Had you time-traveled back to 2023, and started telling people that President Donald Trump’s Justice Department would soon be trying to imprison a woman who had accused him of rape, most would likely have dismissed it as a paranoid #resistance fantasy.
Yet now, it appears to be reality. Reporting in both CNN and the New York Times suggests that the DOJ has opened a criminal inquiry into E. Jean Carroll, the journalist who successfully won $88.3 million in damages from Trump after federal juries determined he sexually abused her in 1996 and later defamed her. The allegation now under investigation, per reporting, is that Carroll committed perjury during a deposition for the case.
This is, without a doubt, an authoritarian abuse of power: the president weaponizing the Justice Department to go after one of his most prominent and effective critics. It is the kind of thing that you expect in a country like Turkey or Venezuela, where the justice system has been transformed into an enforcement mechanism for an authoritarian regime.
But the comparison also suggests why the case is less scary than it appears.
Unlike in those countries, where those targeted by the state have little plausible chance to fight back, Trump’s track record for prosecuting his opponents has been exceptionally poor.
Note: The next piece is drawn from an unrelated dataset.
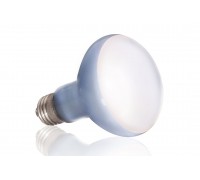 Exo-Terra Daylight Basking Spot Лампа для интенсивного обогрева рептилий R20/75W РТ2132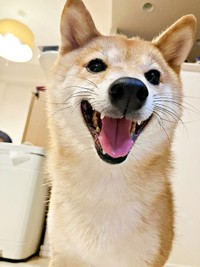 笑顔がキュートなケンタくん（画像提供：ケンタさん）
Due to a combination of his own attorneys’ incompetence, the jury system, and the genuine independence of America’s lower court judges, they’ve repeatedly failed to secure indictments — let alone actually imprison anyone.
The administration has repeatedly failed to present a credible case against former FBI Director James Comey, with its most recent indictment revolving around an allegedly threatening picture of seashells. In February, a grand jury rejected both its efforts to prosecute six Democratic lawmakers over a video calling on the US military to disobey unlawful orders. A criminal investigation into then-Federal Reserve Chair Jerome Powell backfired when senators threatened to........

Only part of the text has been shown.